Records excerpted from a collection
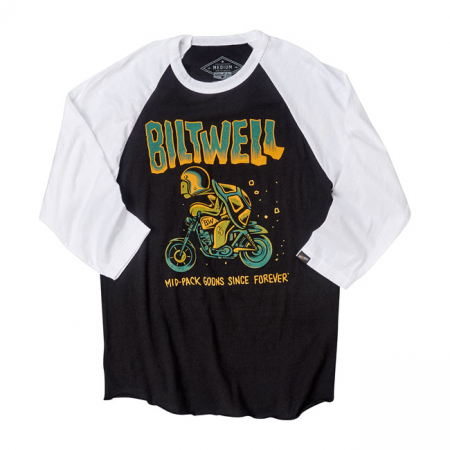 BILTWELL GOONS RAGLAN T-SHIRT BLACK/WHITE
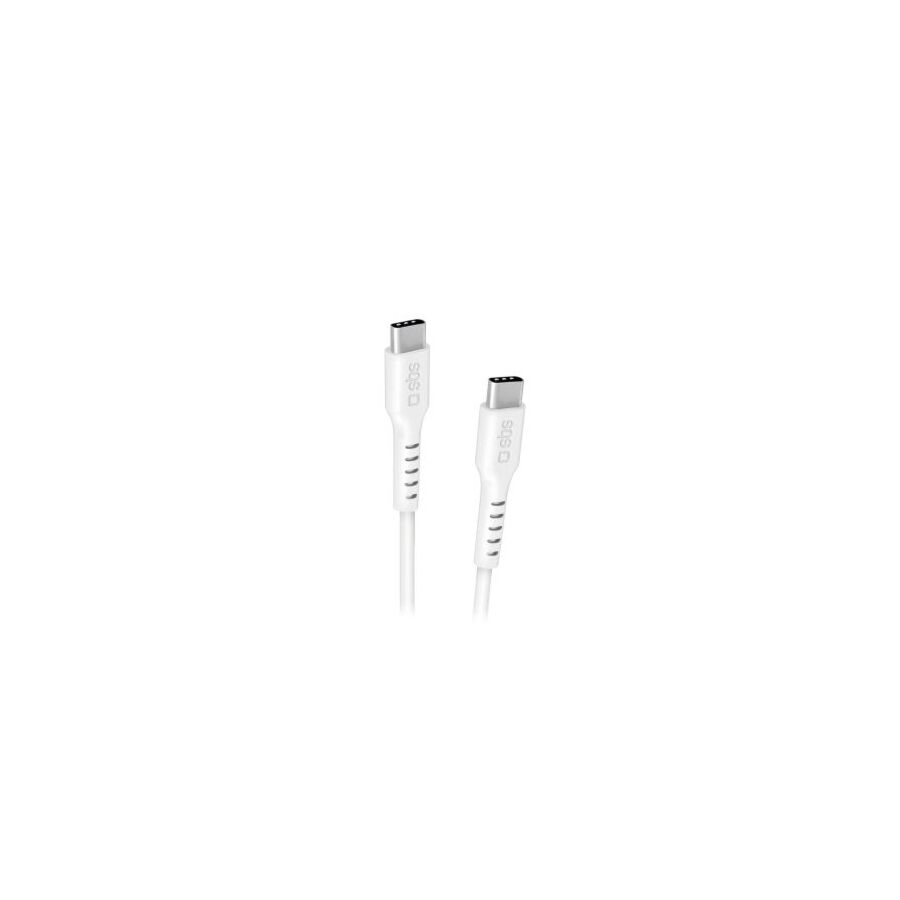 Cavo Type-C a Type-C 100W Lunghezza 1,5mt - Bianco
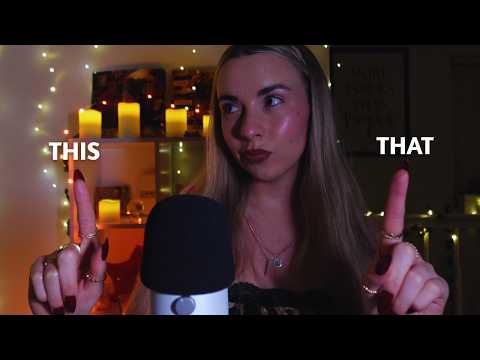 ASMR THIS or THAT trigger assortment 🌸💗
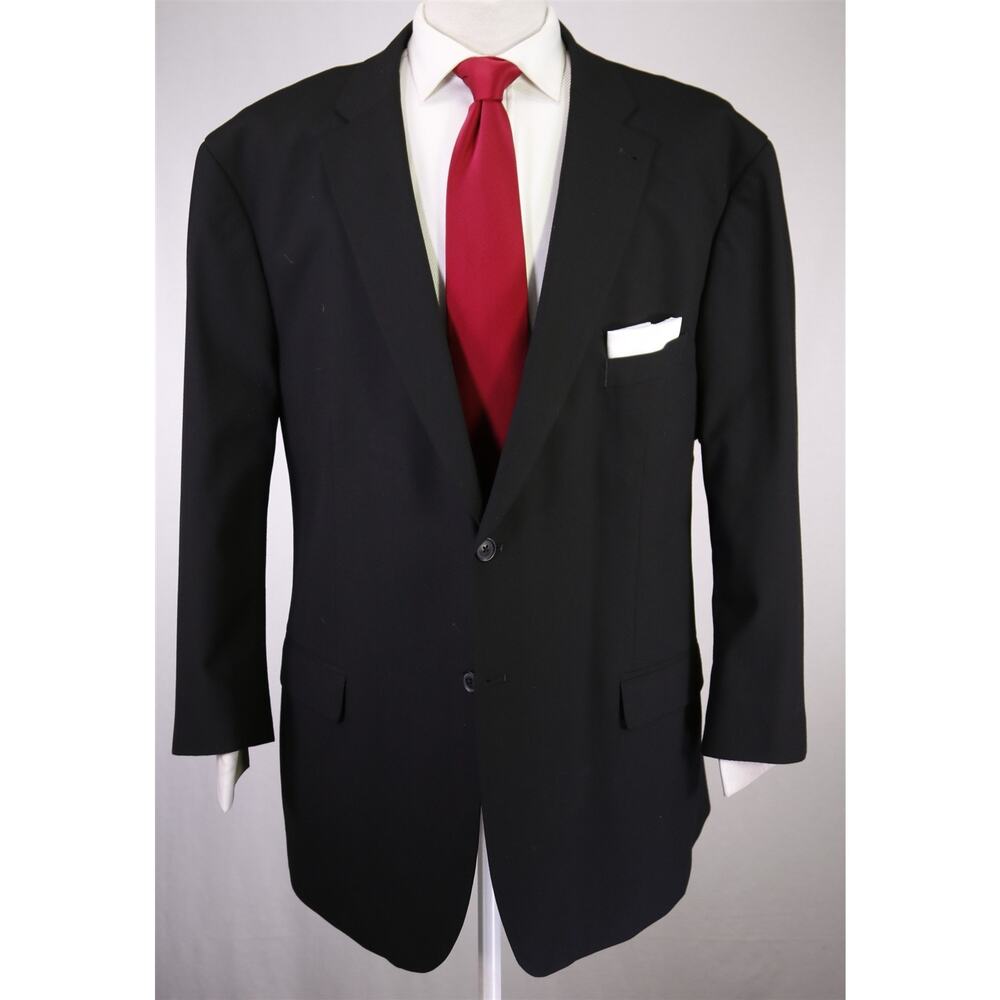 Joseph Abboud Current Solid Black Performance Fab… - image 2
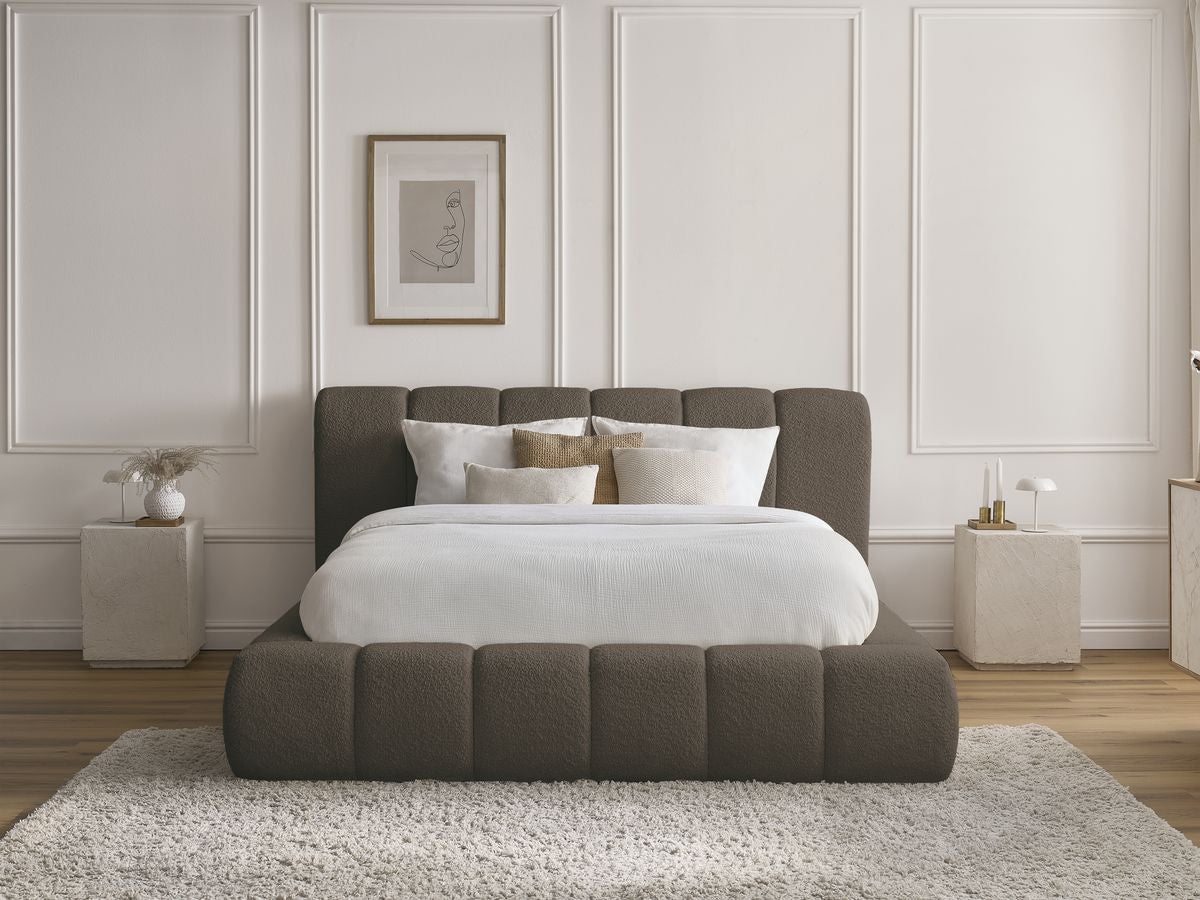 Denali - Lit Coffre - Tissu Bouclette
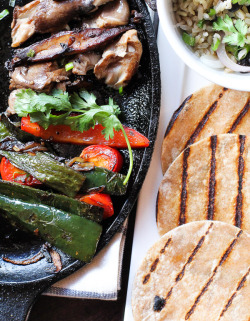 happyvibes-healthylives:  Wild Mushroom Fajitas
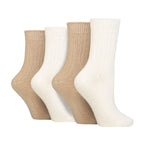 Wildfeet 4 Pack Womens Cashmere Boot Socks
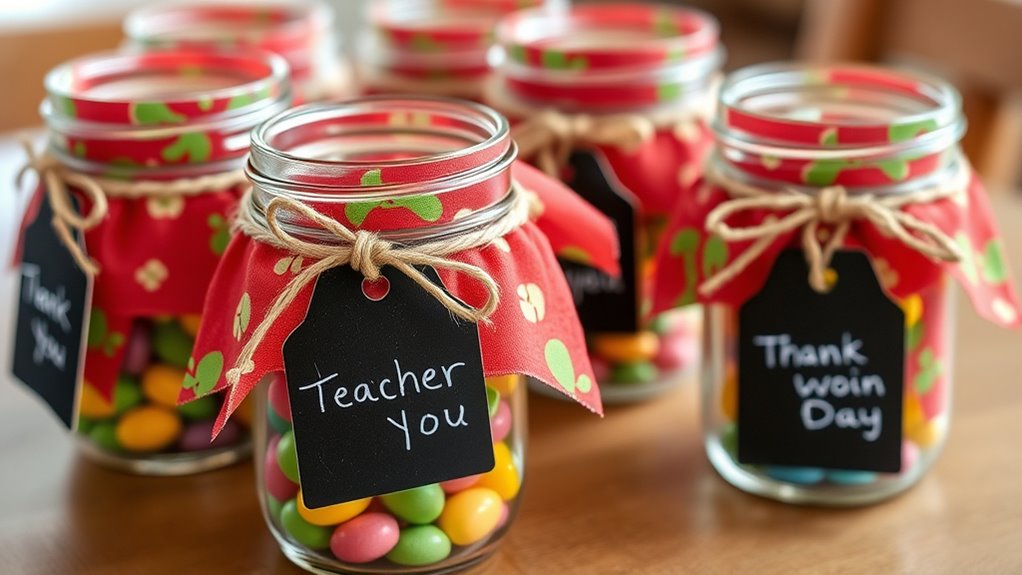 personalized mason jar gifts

_Required work_.
Each line from the one containing "Denali - Lit Coffre - Tissu Bouclette" through the final line of the data must be reproduced exactly, both ends included, with no pictures in the copy.

_Reply_.
 Denali - Lit Coffre - Tissu Bouclette
 happyvibes-healthylives:  Wild Mushroom Fajitas
 Wildfeet 4 Pack Womens Cashmere Boot Socks
 personalized mason jar gifts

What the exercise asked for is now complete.